I froze— Okay, this is where I have to confess the removal of the photos from my laptop to the external drive wasn’t easy. The fact that those pictures, even though I never look at them, would no longer be at my fingers tips set my nerve endings afire. Because I knew beyond a shadow of a doubt with all its cliché-ness that as soon as I removed those folders from the desktop I would need them— desperately.

The quandary was mortifying, but only one choice was viable to maintain a healthy computer for my writing life. Delete, Delete, Delete, Delete. Now only my favorites are fingertip ready via my iPhone, and, as of today, for each new photo I want to keep, an old favorite must be moved to the hard drive. Or maybe…it’ll just go into the trash.

If you drop the baggage you can get on the train.

Plug-In to Kundalini Yoga— breath work is an essential part of a Kundalini practice.
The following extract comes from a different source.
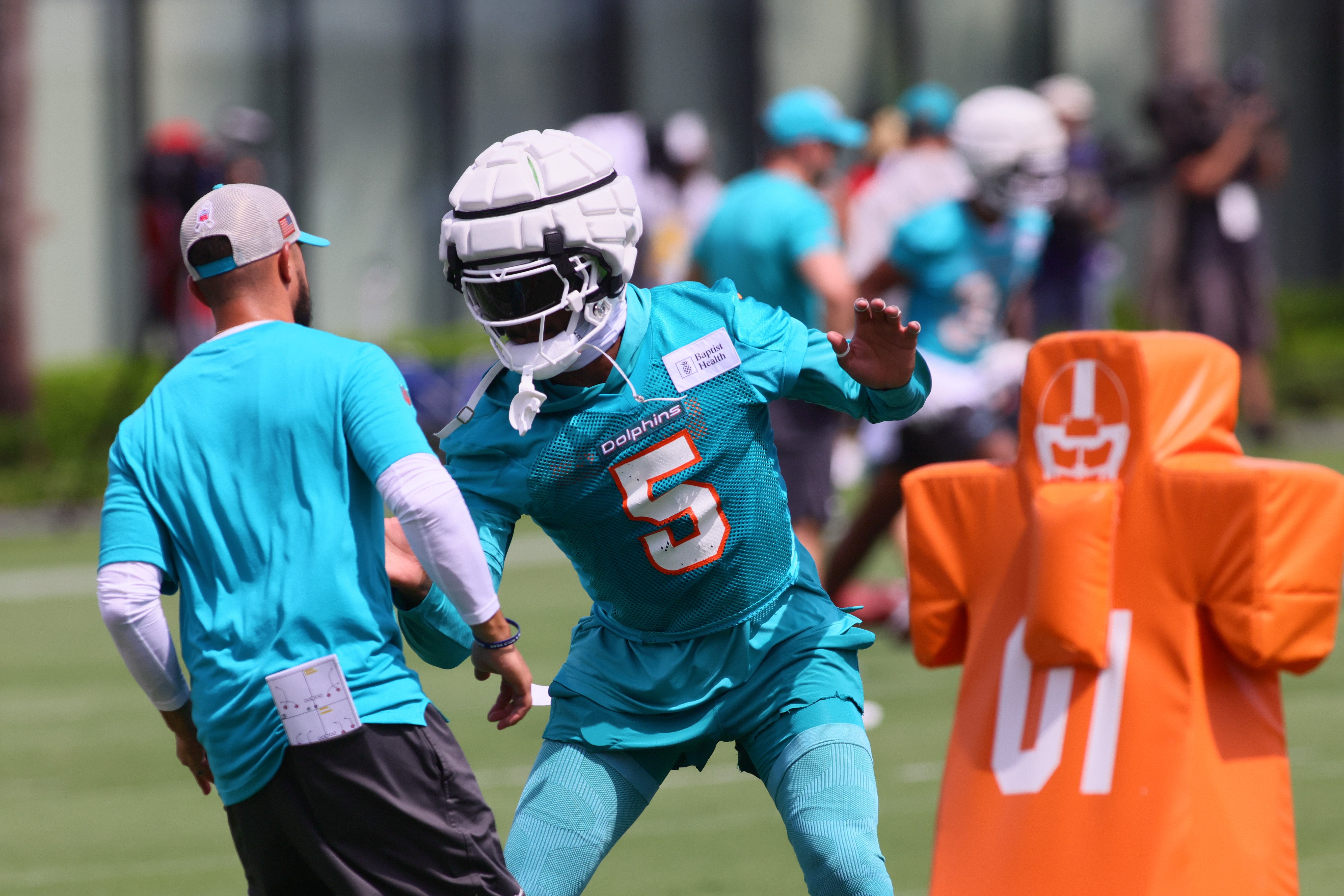 Jul 28, 2024; Miami Gardens, FL, USA; Miami Dolphins cornerback Jalen Ramsey (5) works out during training camp at Baptist Health Training Complex.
The deeper you breathe the more energy you move through the body. Inhale what you want. Exhale what you don’t. My teacher HariPrakaash says you don’t even need to consciously know the specifics of the exchange. As long as you keep the breath moving, you’ll be able to drop your baggage and get on the train, because your emotional blocks will have been removed.
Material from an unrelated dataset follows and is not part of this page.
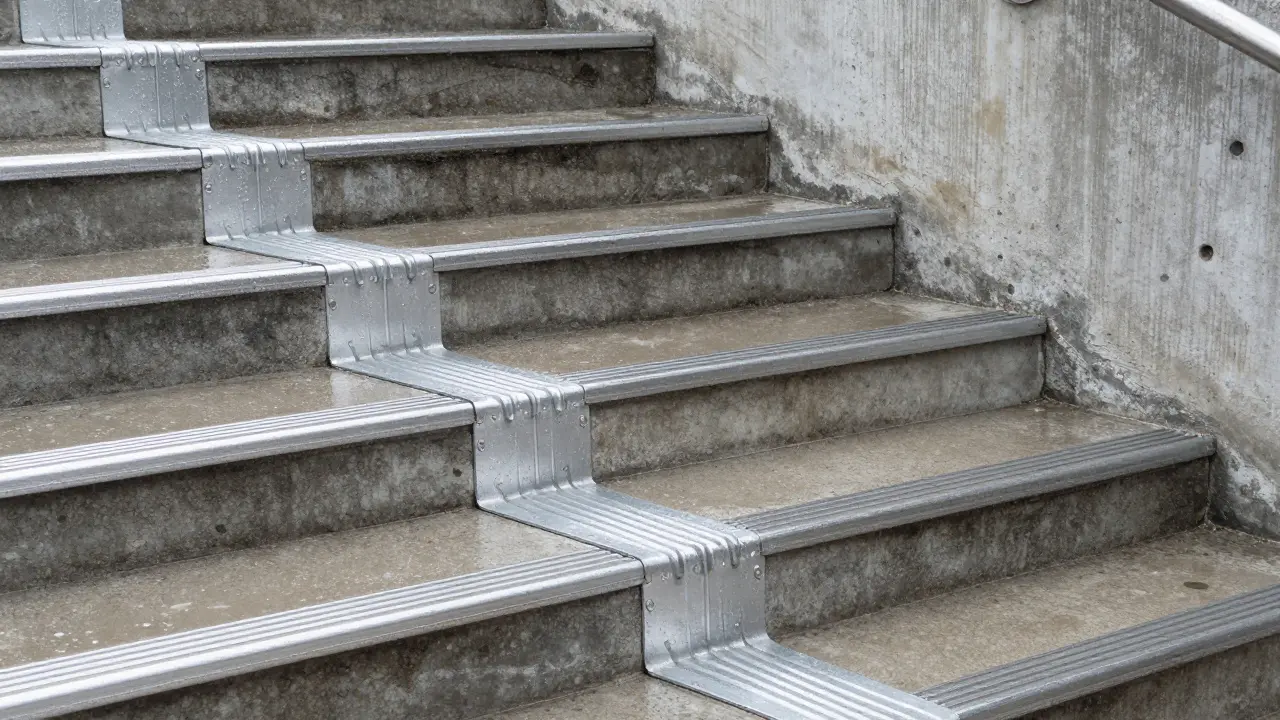 Robuste Aluminium-Antirutschprofile an einer Außentreppe aus Beton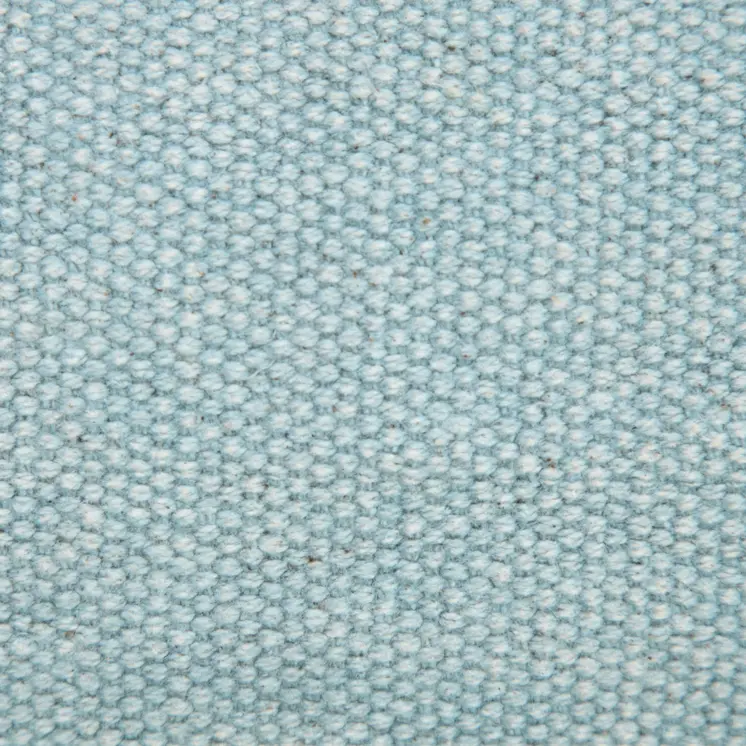 14" X 36" Light Blue Cotton Lumbar Throw Pillow With Fringe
This teaching flashed in my mind’s eye as soon as my new operating system was installed. Niggled at me the entire night and all through Monday morning’s Sadhana. And when I opened up the manuscript, I knew exactly what I needed to do. Instead of polishing up the Third Act, which is where I’ve been since I stopped filling in the holes of my protag’s life, I jumped back to Chapter 3.

The reason I jumped to the Third Act was because Chapter 3 was a scary clusterfuck and I didn’t have the slightest idea how to fix it, which made it extra frightening because it should’ve been easy. All Kait needs to do in the scene is clarify the intention and motivation that officially launches her journey— only, my hard drive was maxed out from the twelve previous drafts and I was unable to download anything new. So, I jumped to the end, and as I delved deeper into the healing part of her journey, I was able to see her dysfunction more clearly and tons of inspiration came about infamous Chapter 3, but nothing strong enough to make me go there. In fact, before I got all caught up in updating my computer software, my mind was all set to work backwards through the manuscript just as I had at the end of the first round of revisions.

But then I dumped my photos…

My photos have nothing to do with my manuscript, and everything to do with my process. I was frightened by Chapter 3 because it couldn’t be fixed. It needed to be dumped. And that’s exactly what I did. I thanked my third chapter for playing then hit delete and got on Kait’s train.